La concorrenza di questi prodotti sulla carta non potrà mai essere vinta. Infatti il consumatore che si rifornisce al banco dei supermercati concentra tutta la sua attenzione solo al cartellino del prezzo e non più all’origine ed alla struttura della filiera che ha prodotto quello che sta per portare sulla tavola.
Solo con una nuova concezione, non influenzata da clientelismi e prese di posizione cervellotiche, anche fra le stesse organizzazioni depositarie della rappresentanza, è possibile pensare ad un futuro prospero per l’agricoltura ed il settore enogastronomico italiano, che potrebbero iniziare a diventare aree strategiche e punti di forza per il Paese, che vanta una tipicità unica al mondo.
Qui ci fermiamo, perché si sta assistendo a trasformismo per opportunità e di facciata, alla nascita di nuovi santoni, tutti con le soluzioni in tasca! Quando poi il domani da anni si decide altrove. Strano che i nostri non se ne siamo mai accorti.

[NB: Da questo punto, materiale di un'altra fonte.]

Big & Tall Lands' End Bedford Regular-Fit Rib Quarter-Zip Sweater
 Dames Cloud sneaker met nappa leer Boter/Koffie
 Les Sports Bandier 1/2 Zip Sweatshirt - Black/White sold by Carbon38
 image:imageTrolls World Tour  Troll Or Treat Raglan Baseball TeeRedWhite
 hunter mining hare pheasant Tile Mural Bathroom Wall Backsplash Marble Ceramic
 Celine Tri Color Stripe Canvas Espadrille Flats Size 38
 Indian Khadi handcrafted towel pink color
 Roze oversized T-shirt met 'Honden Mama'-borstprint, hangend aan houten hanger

“Il New Green deal”, ha chiarito Paolo De Castro, “è la nuova strategia che va dal campo alla tavola e che coinvolge a pieno titolo la politica agricola, perché come avevamo richiesto non si possono fare politiche ambientali senza coinvolgere gli agricoltori e i pescatori”. Così l’ex ministro nel corso del “Comagri report”, l’incontro per discutere sulle novità della politica agricola europea.
Noi siamo con lui quando sostiene: “I soldi devono essere trovati, l’accordo sulle prospettive finanziarie deve essere approvato per dare le risorse a tutte le politiche europee. In Europa per l’agricoltura i soldi non possono mancare, perciò le risorse ci saranno e le regioni continueranno i loro programmi. Andiamo avanti con le vecchie regole, ma non ci sono criticità. Serve una forte e robusta politica europea, non c’è fretta”.